• Instructions to follow:
Transcribe the listing below in its entirety, exactly.

• Data provided:
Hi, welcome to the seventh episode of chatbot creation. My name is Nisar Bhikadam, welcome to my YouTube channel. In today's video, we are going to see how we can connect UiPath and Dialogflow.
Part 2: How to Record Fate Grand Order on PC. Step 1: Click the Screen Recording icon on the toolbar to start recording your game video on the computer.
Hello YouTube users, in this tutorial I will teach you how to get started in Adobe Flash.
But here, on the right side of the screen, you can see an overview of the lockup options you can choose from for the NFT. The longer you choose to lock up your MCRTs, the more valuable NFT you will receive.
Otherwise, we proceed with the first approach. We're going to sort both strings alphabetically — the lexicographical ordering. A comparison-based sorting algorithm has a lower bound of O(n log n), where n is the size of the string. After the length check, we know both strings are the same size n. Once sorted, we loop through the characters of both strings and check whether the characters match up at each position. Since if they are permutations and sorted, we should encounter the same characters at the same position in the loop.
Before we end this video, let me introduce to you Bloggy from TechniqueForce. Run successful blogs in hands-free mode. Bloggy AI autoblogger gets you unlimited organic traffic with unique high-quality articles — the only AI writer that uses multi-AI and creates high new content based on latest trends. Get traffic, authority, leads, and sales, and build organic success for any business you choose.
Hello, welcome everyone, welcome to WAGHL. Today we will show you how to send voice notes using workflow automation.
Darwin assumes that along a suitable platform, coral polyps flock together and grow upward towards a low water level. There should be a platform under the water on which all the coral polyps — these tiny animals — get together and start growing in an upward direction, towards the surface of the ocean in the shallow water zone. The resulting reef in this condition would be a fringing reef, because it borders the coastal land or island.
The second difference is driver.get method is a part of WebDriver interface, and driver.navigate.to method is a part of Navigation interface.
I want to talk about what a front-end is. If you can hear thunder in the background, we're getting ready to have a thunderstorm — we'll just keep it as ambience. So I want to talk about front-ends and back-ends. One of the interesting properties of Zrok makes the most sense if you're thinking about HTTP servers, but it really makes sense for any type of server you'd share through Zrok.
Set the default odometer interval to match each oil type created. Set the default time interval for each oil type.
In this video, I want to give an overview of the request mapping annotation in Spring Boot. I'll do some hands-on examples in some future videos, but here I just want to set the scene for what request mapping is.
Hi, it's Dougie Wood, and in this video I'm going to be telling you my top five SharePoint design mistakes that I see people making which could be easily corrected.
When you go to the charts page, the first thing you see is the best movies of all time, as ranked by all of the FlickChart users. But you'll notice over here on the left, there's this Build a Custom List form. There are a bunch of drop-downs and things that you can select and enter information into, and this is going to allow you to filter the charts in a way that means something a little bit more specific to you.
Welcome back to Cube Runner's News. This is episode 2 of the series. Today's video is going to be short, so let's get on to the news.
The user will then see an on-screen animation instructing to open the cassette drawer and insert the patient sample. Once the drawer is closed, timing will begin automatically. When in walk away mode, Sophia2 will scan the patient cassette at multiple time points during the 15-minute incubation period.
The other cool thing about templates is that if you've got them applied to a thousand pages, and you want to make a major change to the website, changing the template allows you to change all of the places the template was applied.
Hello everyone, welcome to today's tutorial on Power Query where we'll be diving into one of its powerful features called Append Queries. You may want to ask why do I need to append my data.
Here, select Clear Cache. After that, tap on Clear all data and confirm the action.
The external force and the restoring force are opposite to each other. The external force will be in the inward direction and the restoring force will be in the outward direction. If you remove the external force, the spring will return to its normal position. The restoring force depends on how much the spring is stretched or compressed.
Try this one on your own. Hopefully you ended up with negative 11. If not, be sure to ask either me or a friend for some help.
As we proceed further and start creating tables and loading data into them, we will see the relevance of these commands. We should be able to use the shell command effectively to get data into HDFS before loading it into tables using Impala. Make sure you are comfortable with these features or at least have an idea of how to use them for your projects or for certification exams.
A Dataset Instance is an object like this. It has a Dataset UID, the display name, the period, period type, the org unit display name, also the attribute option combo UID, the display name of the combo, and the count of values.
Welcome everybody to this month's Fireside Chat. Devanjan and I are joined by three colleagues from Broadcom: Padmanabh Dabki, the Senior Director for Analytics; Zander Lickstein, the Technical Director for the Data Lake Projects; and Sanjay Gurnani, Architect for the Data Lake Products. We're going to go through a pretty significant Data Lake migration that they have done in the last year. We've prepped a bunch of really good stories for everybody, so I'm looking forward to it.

• Expected answer:
Hi, welcome to the seventh episode of chatbot creation. My name is Nisar Bhikadam, welcome to my YouTube channel. In today's video, we are going to see how we can connect UiPath and Dialogflow.
Part 2: How to Record Fate Grand Order on PC. Step 1: Click the Screen Recording icon on the toolbar to start recording your game video on the computer.
Hello YouTube users, in this tutorial I will teach you how to get started in Adobe Flash.
But here, on the right side of the screen, you can see an overview of the lockup options you can choose from for the NFT. The longer you choose to lock up your MCRTs, the more valuable NFT you will receive.
Otherwise, we proceed with the first approach. We're going to sort both strings alphabetically — the lexicographical ordering. A comparison-based sorting algorithm has a lower bound of O(n log n), where n is the size of the string. After the length check, we know both strings are the same size n. Once sorted, we loop through the characters of both strings and check whether the characters match up at each position. Since if they are permutations and sorted, we should encounter the same characters at the same position in the loop.
Before we end this video, let me introduce to you Bloggy from TechniqueForce. Run successful blogs in hands-free mode. Bloggy AI autoblogger gets you unlimited organic traffic with unique high-quality articles — the only AI writer that uses multi-AI and creates high new content based on latest trends. Get traffic, authority, leads, and sales, and build organic success for any business you choose.
Hello, welcome everyone, welcome to WAGHL. Today we will show you how to send voice notes using workflow automation.
Darwin assumes that along a suitable platform, coral polyps flock together and grow upward towards a low water level. There should be a platform under the water on which all the coral polyps — these tiny animals — get together and start growing in an upward direction, towards the surface of the ocean in the shallow water zone. The resulting reef in this condition would be a fringing reef, because it borders the coastal land or island.
The second difference is driver.get method is a part of WebDriver interface, and driver.navigate.to method is a part of Navigation interface.
I want to talk about what a front-end is. If you can hear thunder in the background, we're getting ready to have a thunderstorm — we'll just keep it as ambience. So I want to talk about front-ends and back-ends. One of the interesting properties of Zrok makes the most sense if you're thinking about HTTP servers, but it really makes sense for any type of server you'd share through Zrok.
Set the default odometer interval to match each oil type created. Set the default time interval for each oil type.
In this video, I want to give an overview of the request mapping annotation in Spring Boot. I'll do some hands-on examples in some future videos, but here I just want to set the scene for what request mapping is.
Hi, it's Dougie Wood, and in this video I'm going to be telling you my top five SharePoint design mistakes that I see people making which could be easily corrected.
When you go to the charts page, the first thing you see is the best movies of all time, as ranked by all of the FlickChart users. But you'll notice over here on the left, there's this Build a Custom List form. There are a bunch of drop-downs and things that you can select and enter information into, and this is going to allow you to filter the charts in a way that means something a little bit more specific to you.
Welcome back to Cube Runner's News. This is episode 2 of the series. Today's video is going to be short, so let's get on to the news.
The user will then see an on-screen animation instructing to open the cassette drawer and insert the patient sample. Once the drawer is closed, timing will begin automatically. When in walk away mode, Sophia2 will scan the patient cassette at multiple time points during the 15-minute incubation period.
The other cool thing about templates is that if you've got them applied to a thousand pages, and you want to make a major change to the website, changing the template allows you to change all of the places the template was applied.
Hello everyone, welcome to today's tutorial on Power Query where we'll be diving into one of its powerful features called Append Queries. You may want to ask why do I need to append my data.
Here, select Clear Cache. After that, tap on Clear all data and confirm the action.
The external force and the restoring force are opposite to each other. The external force will be in the inward direction and the restoring force will be in the outward direction. If you remove the external force, the spring will return to its normal position. The restoring force depends on how much the spring is stretched or compressed.
Try this one on your own. Hopefully you ended up with negative 11. If not, be sure to ask either me or a friend for some help.
As we proceed further and start creating tables and loading data into them, we will see the relevance of these commands. We should be able to use the shell command effectively to get data into HDFS before loading it into tables using Impala. Make sure you are comfortable with these features or at least have an idea of how to use them for your projects or for certification exams.
A Dataset Instance is an object like this. It has a Dataset UID, the display name, the period, period type, the org unit display name, also the attribute option combo UID, the display name of the combo, and the count of values.
Welcome everybody to this month's Fireside Chat. Devanjan and I are joined by three colleagues from Broadcom: Padmanabh Dabki, the Senior Director for Analytics; Zander Lickstein, the Technical Director for the Data Lake Projects; and Sanjay Gurnani, Architect for the Data Lake Products. We're going to go through a pretty significant Data Lake migration that they have done in the last year. We've prepped a bunch of really good stories for everybody, so I'm looking forward to it.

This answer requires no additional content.